Glover’s observation was recorded in the magazine’s official review for 1972’s Eat A Peach, the band’s third – and most successful – studio effort to date.
Later, at the end of his track-by-track analysis, he concludes: “The Allman Brothers are still the best goddamned band in the land …”
This week on Vinally Friday, Alanya will give you a taste of what Tony was talking about with a few spins of her favorite tracks off the legendary double-album.
Eat A Peach truly bridged the old Allman Brothers Band lineup with the new one.
Even the tracklisting splits that way – three recorded with Duane before his passing; three recorded afterwards; plus several “leftover” tracks from their Fillmore East shows.
Also on the turntable Friday:
-Robert will follow up with a random assortment of some 7-inch singles from his personal library.
The line-up includes The Beatles’ double A-sided single “Penny Lane/Strawberry Fields Forever”, as well as a little B-52s and some Elvis Costello.
Perhaps most notable (or strange) is a group called The Pink Parker and their cover of The Trammps’ “Hold Back the Night.”
We had to do a little research to learn The Pink Parker is actually English singer-songwriter Graham Parker with backing band The Rumour.
Apparently the R&B singer heard 1975 original and decided to put his own spin on it – just two years later.

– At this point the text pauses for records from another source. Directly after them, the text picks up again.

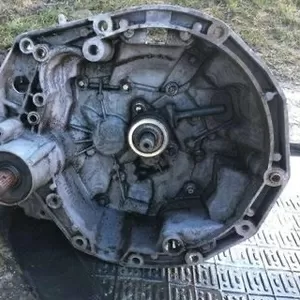 Бу КПП 5ст. 1.9dci Renault Laguna 2,  JR5 016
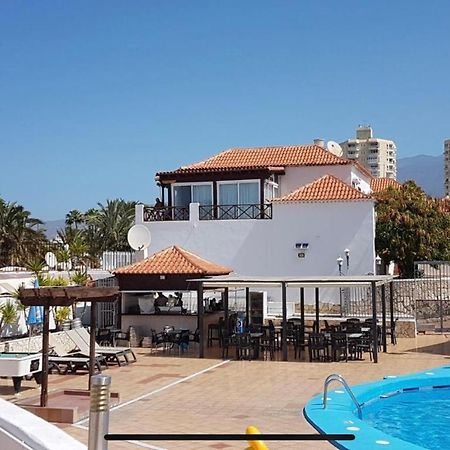 Residence Paraiso Royal Apt Ombra Playa de las Americas  Luaran gambar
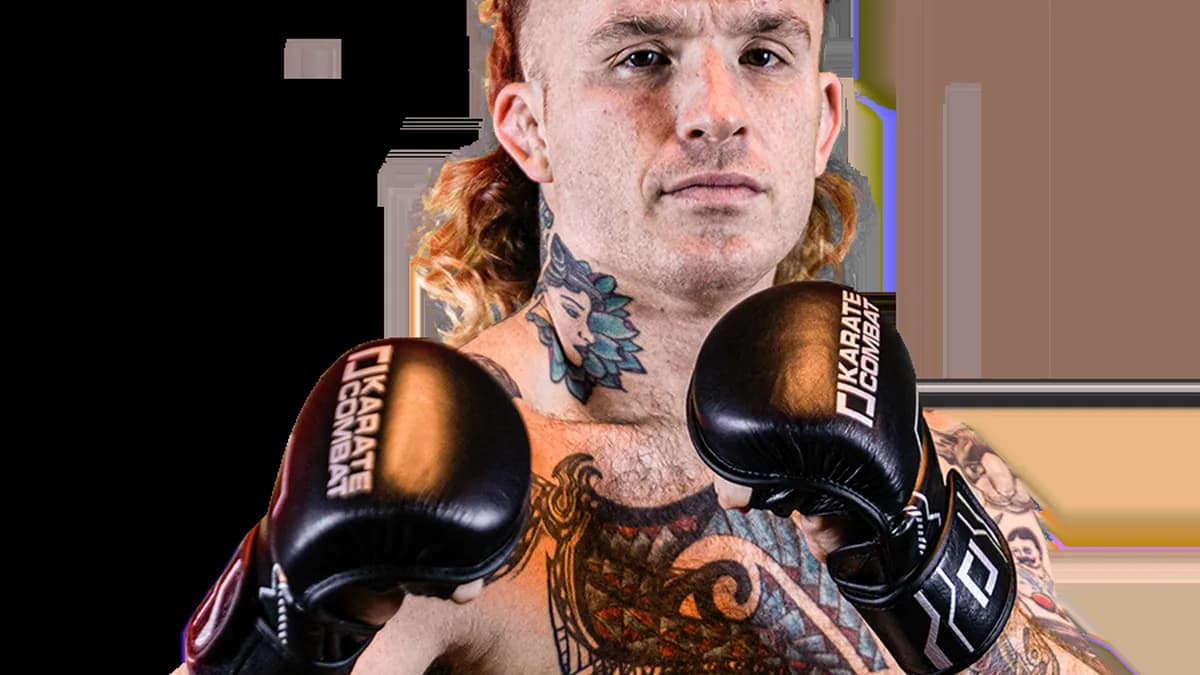 Mike Perry affronte le vétéran Brandon Jenkins dans un choc de styles en PPV Mike Perry affronte le vétéran Brandon Jenkins dans un choc de styles en PPV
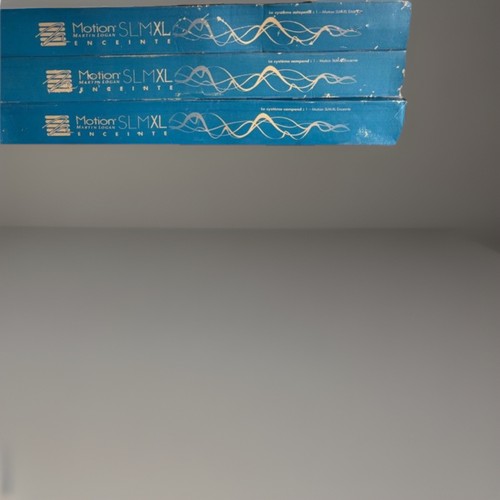 Martinlogan motion slm - motion, xl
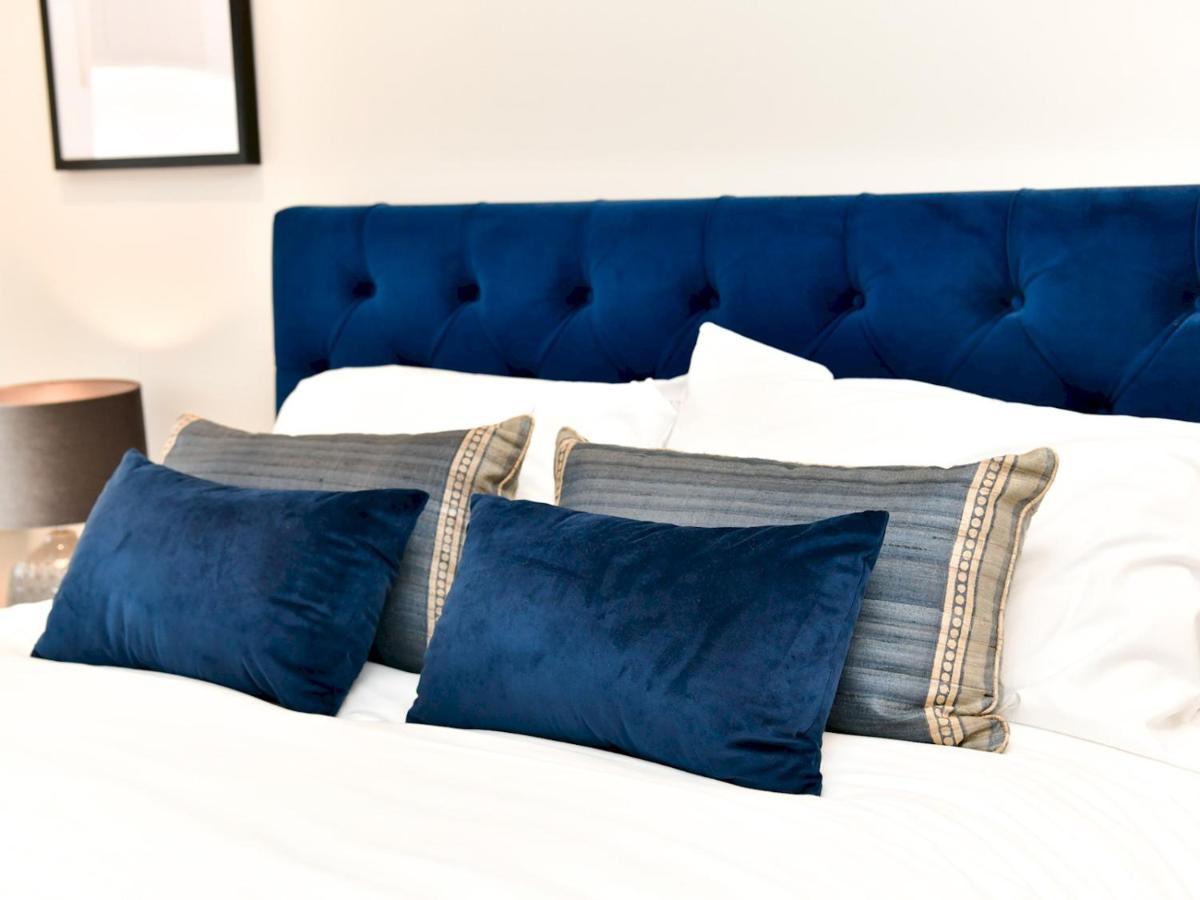 Pass The Keys Beautiful 2 Bed Apartment With Parking In The Bay Кардиф Екстериор снимка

-Finally, Tommy will wrap up the day with some dance tunes from indie-pop foursome Saint Motel.
The Los Angeles-based band quickly built on their smash single “My Type” in 2015 with their second full-length album in 2016.
Titled saintmotelevision, the album is most recognizable for the charismatic single, “Move,” as well as several the highly contagious and artful 360-degree videos that were released in conjunction with the album.
In her review for AllMusic, critic Marcy Donelson described saintmotelevision as a “record of big, rousing choruses … (which) largely avoids feeling formulaic with the help of agile melodies, quirky arrangements and a tone that resists saccharinity.”